Quizá si fuera como en las ocasiones anteriores, sus amigos estarían sentados al otro lado del salón. Posiblemente jugando con algún libro antiguo, pasando página por página las hojas amarillas y llenas de polvo, o de pronto mirándole divertidos, y animándole a que no perdiera el gusto por escribir. Pero ahora, ya ninguno de ellos estaba con él. Uno a uno fue dejándolos ir, abandonándolos, e incluso olvidándolos al sumergirse en las aguas turbulentas pero cautivadoras de la novela.
La novela fue todo un éxito en la editorial. Una mañana se levantó y al contestar el teléfono recibió como primera noticia la aceptación y el agrado que su novela había generado entre las personas de la editorial. La calificaban de grandiosa, cautivante y compleja, y sobre todo, resaltaban el hecho de sentir tan real a la protagonista Mariana.
Mariana, repitió el escritor dentro de sí. Mariana, pensó una vez más, y con los labios entre abiertos pronunció en un murmuro el nombre. La silla de madera crujió ante su peso cuando el escritor tuvo que sentarse unos momentos.
Estaba feliz por la noticia. No. Era todo un éxito, miles lo leerían y conocerían a Mariana. No. No. No. Debería estar feliz por la noticia, pero no era así. Recordó a Mariana, con su vestido rojo, y su cabello ondulado. La recordó mientras el calor hacia que las hojas se pegaran entre si; la recordó como un viento fresco, como la sombra en medio del desierto. Y ya no era de él. Ya no podría borrar y hacerla vivir de nuevo. Porque, por más que la reviviera en el papel, Mariana ya no era únicamente suya. Estaba completamente enamorado de ella. No le quedaba nadie más.
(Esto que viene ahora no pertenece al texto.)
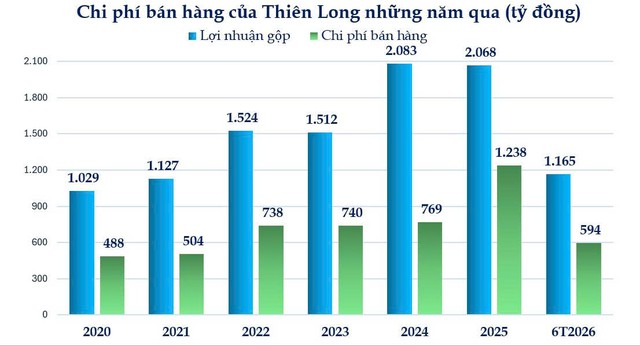 Vì sao Thiên Long bán mình cho người Nhật? - Ảnh 2.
Sus recuerdos se revolcaron de nuevo, en un grito de dolor ahogado durante casi 30 años de memorias.
Ahora ya no se encontraba en el salón de su casa, no estaba rodeado de ventanales gigantes, ni al pasar la puerta de vidrio podía dar con un pequeño lugar de descanso ni con una hamaca. Ahora se hallaba lejos de allí, dentro, muy dentro de su memoria. Apretó una mano sobre su muslo, tensionando la tela del pantalón cuando ante sus ojos apareció el recuerdo de Amy.
Fue su única amiga, su única compañera. La única que jamás le abandonó cuando era pequeño. Sus padres se la habían regalado cuando cumplió cinco años, y la diminuta cachorrita creció junto a él. Amy fue el cariño, fue la felicidad y la diversión personificada en un Labrador
chocolate, que estuviera donde estuviera, siempre cargaba en su cuello un moño dorado, donde justo en medio refulgía una A.
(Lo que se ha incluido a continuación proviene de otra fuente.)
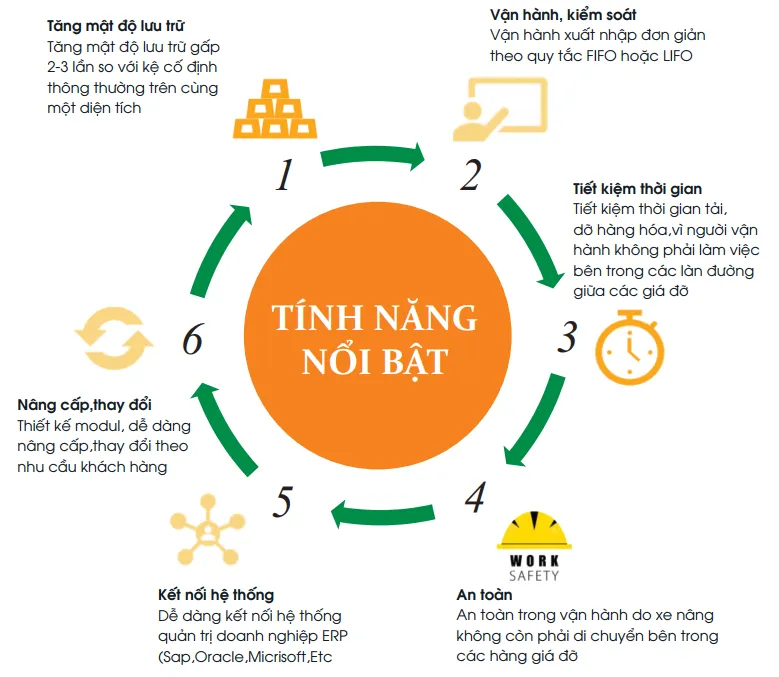 Tính năng của kho thông minh IT-WH-SR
Con los dedos intentó rozar el moño, estirándolos al máximo para sentirla a su lado nuevamente. Y cuando apenas pudo ver bien aquel recuerdo, otro mucho más veloz asaltó su memoria.
Durante seguidas navidades, el escritor siendo niño, y Amy tuvieron que despedirse por toda una noche. Él jugaba con ella, luego la abrazaba y sonreía prometiéndole volver al día siguiente de navidad. Siempre había sido así, hasta una celebración navideña en donde sus padres decidieron no irse. Toda su familia, su inmensa familia fue a su casa. Alrededor de 50 personas apenas conocerían a la joven Amy, y como era de esperarse, la perrita moría de nervios por una situación tal.
Todos le acariciaban el lomo, todos le sonreían o le hacían mala cara, todos, encontraron la manera de situarte a su lado y estirar una mano para rozar su cabellera color chocolate. Todos sonreían entre ellos, todos menos el escritor, que entre un mar de piernas, agitado y un poco confuso, intentaba llegar hasta donde su amiga.
Todos, absolutamente todos vieron cuando tuvo el colapso, cuando sus cuatro patas se doblaron, cayendo con las dos de adelante primero, para después, y en un chillido que rompía los tímpanos y las almas, aquella perra era víctima de sus propios nervios y de la situación, y caía fulminada ante la mirada de su amigo, de su compañero, de su hermano, de su amor puro.
Algunos pelos negros y rizados quedaron entre los dedos del escritor cuando volvió a su realidad y soltó el agarre de su mano sobre la barba. Tuvo que acomodarse las gafas, y se levantó de la silla con la tristeza inmensa de quien ha sufrido una vez, y está reviviendo, aunque de manera diferente, el sufrimiento de una perdida.
Mariana era su mujer ideal, la mujer que tanto había amado sin saberlo durante los meses que escribió la novela. Amaba su gusto por el baile, adoraba que pasará horas y horas entre las sabanas, pensando y divagando trivialidades. Sentía que no podía vivir sin su gusto, al igual que él, por el café con leche hirviendo. Pequeños detalles que él mismo había construido y de los cuales, de una u otra manera se había enamorado.
Pensó en el momento en que le dio cualidades y algunas características que el detestaba. Sintió a la Mariana que no gustaba de los viejos con barba, vio a la Mariana que defendía a capa y espada la lucha contra el maltrato animal. Y sonrió con una muy cierta melancolía, al darse cuenta que a pesar de todo, existían dos verdades irrevocables: la amaba y la había perdido por completo.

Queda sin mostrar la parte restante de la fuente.